Usually I have a knee-jerk reaction to a subject…but I then take a step back and ask, “Why is this my reaction?” And I read something from the opposite point of view.

A few weeks ago, there were varying reactions to a statement from the Vice President saying that loving our own first is a very Christian principle. I read reactions renouncing this. I read reactions affirming it. Both quoted from the Bible in their defense.

Because, yes, Jesus calls us to love our enemy and points out that sometimes those supposed enemies turn out to be our neighbors.

And, yes, Paul also tells us we must care for our families and communities.

I let all the ideas swirl around in my head for several days, and then my husband shared a reaction he read. One that really resonated. To paraphrase, it was this:

Yes, we are called to care for our own. But not at the cost of others.

Protect your family–but don’t hurt another family to do it.

Feed your community–but don’t steal food from another to accomplish it.

This helped me immensely to put it all in perspective. As I’ve noted before, there are a million good things demanding our time and attention, righteous things, Godly things. But we simply don’t have enough–time, resources, or heart–to give to them all. But when we choose the things we will support and champion, we don’t hurt the other causes to do so (or we shouldn’t, anyway).

To dig wells in Africa, we don’t propose finding slave labor from Asia to do it. To send clothing to the Arctic, we don’t rob those in the Andes.

Yes, there is a natural affection for our own–our town, our county, our state, our country. Yes, we need to take care of those around us.

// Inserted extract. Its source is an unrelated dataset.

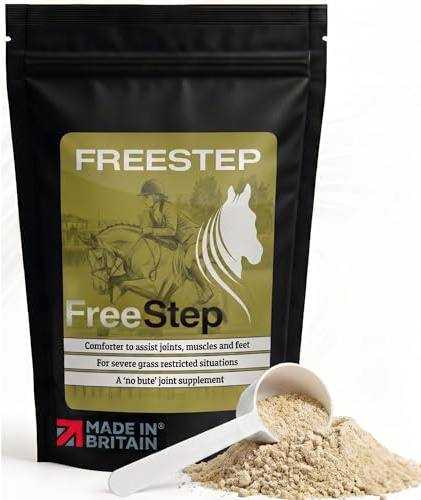 Freestep Original | Rapid stiffness relief for Laminitis Prone Horses | Intensive Horse Supplement | Magnesium, Boswellia & Bromelain Powder | Equine Mobility & Hoof Comfort | Molasses Free Low Sugar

But not at the expense of others.

And that’s what has brought me sorrow as I watch the name-calling, the tearing-down, the attitudes I’m seeing all over my country right now. That no one seems to care who they’re hurting–not each other in our own country, and all too often, not those outside it. I am grieved as I watch the behavior of people claiming to be Christians. Not because of what they’re doing, necessarily, but because of how they’re doing it. Because they are gleeful about causing others pain.

You know why it hurts my heart so much? Because we as Christians are not called to put our own country first. We are called to put GOD’S KINGDOM first. And do you know what God’s Kingdom on earth is?

The Church.

The Church should be where our first loyalty lies. And yet I see so many believers putting their own agendas above all else and then claiming it’s of God. I see so many Christians claiming it’s for God that we treat others cruelly, because it’s necessary to protect what’s ours.

I see many of the actions being done and recognize that the end could be good. But the means matter, friends. The means ALWAYS matter. It doesn’t only matter who we HELP. It matters who we HURT in the process. That’s my new way (or new way of voicing, anyway) of determining which side to take on an issue. Why?

Because a few weeks ago, as I was praying over the outrage around us, the corruption, the greed, I asked the Lord, When is the right time for me to get angry? And I sensed Him clearly saying, Love them. That’s all you’re expected to do. Just love them.

Not just my friends, but my enemies. Not just our own, but the others. Not just those we agree with, but those we don’t understand.

Love them first. Love will give us understanding. Understanding will help us have honest dialogue. Honest dialogue will effect real change, lasting change, righteous change.

Let’s not settle for “getting our way.” Let’s strive to bring God’s way, God’s kingdom, into our every interaction.